Re: Creating meshgrid from meshgrid

Pauli Virtanen-3
Florian Lindner kirjoitti 06.09.2017 klo 06:31:
[clip]

>      def fun(x):
>          return x
>
>      mgrid = np.meshgrid( a,b )
>      A = fun( np.abs(mgrid[0] - mgrid[1] ) )
>
> Result A is of size N x N:
>
>      array([[ 9,  8,  7],
>             [19, 18, 17],
>             [29, 28, 27]])

Don't use meshgrid, use broadcasting:

from numpy import newaxis

ax = np.array([0, 1, 2])
ay = np.array([4, 5])
bx = np.array([7, 8, 9, 10])
by = np.array([11, 12, 13, 14])

def fun(x1, y1, x2, y2):
     return abs(x1 - x2) + abs(y1 - y2)

d = fun(ax[:,newaxis,newaxis,newaxis],
         ay[newaxis,:,newaxis,newaxis],
         bx[newaxis,newaxis,:,newaxis],
         by[newaxis,newaxis,newaxis,:])

or

p1 = np.array([[0,1], [1,3], [5,6], [7,9]])
p2 = np.array([[3,6], [2,7], [9,2], [1,3]])

def fun(a, b):
     return np.hypot(a[...,0] - b[...,0], a[...,1] - b[...,1])

d = fun(p1[:,newaxis,:], p2[newaxis,:,:])

depending on what it is that you actually want to evaluate.

--
Pauli Virtanen
_______________________________________________
SciPy-User mailing list
[hidden email]
https://mail.python.org/mailman/listinfo/scipy-user
Reply | Threaded
Open this post in threaded view
|

Re: Creating meshgrid from meshgrid

Florian Lindner
Hi,

thanks for your input!

Am 06.09.2017 um 16:05 schrieb Pauli Virtanen:

> Florian Lindner kirjoitti 06.09.2017 klo 06:31:
> [clip]
>>      def fun(x):
>>          return x
>>
>>      mgrid = np.meshgrid( a,b )
>>      A = fun( np.abs(mgrid[0] - mgrid[1] ) )
>>
>> Result A is of size N x N:
>>
>>      array([[ 9,  8,  7],
>>             [19, 18, 17],
>>             [29, 28, 27]])
>
> Don't use meshgrid, use broadcasting:
>
> from numpy import newaxis
>
> ax = np.array([0, 1, 2])
> ay = np.array([4, 5])
> bx = np.array([7, 8, 9, 10])
> by = np.array([11, 12, 13, 14])
>
> def fun(x1, y1, x2, y2):
>     return abs(x1 - x2) + abs(y1 - y2)
>
> d = fun(ax[:,newaxis,newaxis,newaxis],
>         ay[newaxis,:,newaxis,newaxis],
>         bx[newaxis,newaxis,:,newaxis],
>         by[newaxis,newaxis,newaxis,:])

Ok, this gives me what I want after a d.reshape(6, 16).
However, it is very tied to two dimensions and seem to not easily generalizable to more (or less) dimensions.

> or
>
> p1 = np.array([[0,1], [1,3], [5,6], [7,9]])
> p2 = np.array([[3,6], [2,7], [9,2], [1,3]])
>
> def fun(a, b):
>     return np.hypot(a[...,0] - b[...,0], a[...,1] - b[...,1])
>
> d = fun(p1[:,newaxis,:], p2[newaxis,:,:])
>
> depending on what it is that you actually want to evaluate.

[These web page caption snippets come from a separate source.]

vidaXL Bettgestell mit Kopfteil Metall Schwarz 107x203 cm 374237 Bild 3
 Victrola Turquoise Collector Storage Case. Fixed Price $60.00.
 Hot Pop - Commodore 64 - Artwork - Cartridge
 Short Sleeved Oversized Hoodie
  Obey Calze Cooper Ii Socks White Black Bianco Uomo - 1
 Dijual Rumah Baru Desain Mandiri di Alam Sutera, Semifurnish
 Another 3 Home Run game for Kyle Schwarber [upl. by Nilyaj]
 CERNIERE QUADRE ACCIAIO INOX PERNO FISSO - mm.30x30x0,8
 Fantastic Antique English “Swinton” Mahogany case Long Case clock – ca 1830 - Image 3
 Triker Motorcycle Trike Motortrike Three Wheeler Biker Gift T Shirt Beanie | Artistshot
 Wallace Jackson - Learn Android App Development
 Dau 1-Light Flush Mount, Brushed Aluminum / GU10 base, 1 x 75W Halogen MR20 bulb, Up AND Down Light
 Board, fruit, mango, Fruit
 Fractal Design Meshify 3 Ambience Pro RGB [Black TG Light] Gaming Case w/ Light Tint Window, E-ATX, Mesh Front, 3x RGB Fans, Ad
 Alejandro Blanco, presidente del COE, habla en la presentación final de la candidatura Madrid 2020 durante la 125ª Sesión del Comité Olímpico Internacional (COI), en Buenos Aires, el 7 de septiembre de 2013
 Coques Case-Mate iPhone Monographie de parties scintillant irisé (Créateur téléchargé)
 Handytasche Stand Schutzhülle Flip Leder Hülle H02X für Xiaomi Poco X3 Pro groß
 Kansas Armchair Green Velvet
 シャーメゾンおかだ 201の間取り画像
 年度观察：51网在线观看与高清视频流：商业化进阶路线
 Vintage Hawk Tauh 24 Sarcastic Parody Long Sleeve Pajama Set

That returns d of shape (4, 4), where I expect (16, 16).

I try to reformulate my problem:

From:

ax = np.array([1,2,3])
ay = np.array([3,4,5])
a = np.meshgrid(ax, ay)

bx = np.array([10,20,30])
by = np.array([30,40,50])
b = np.meshgrid(bx, by)

I can build the coordinates of all points in the meshes:

ca = np.array(list(zip(a[0].flatten(), a[1].flatten())))
cb = np.array(list(zip(b[0].flatten(), b[1].flatten())))

(in 1-d it will be just like ca = np.linspace(...))

just like your p1 and p2.

Now:

A = np.zeros([len(ca), len(cb)])
for i, x in enumerate(ca):
    for j, y in enumerate(cb):
        A[i, j] = func(np.linalg.norm(x-y))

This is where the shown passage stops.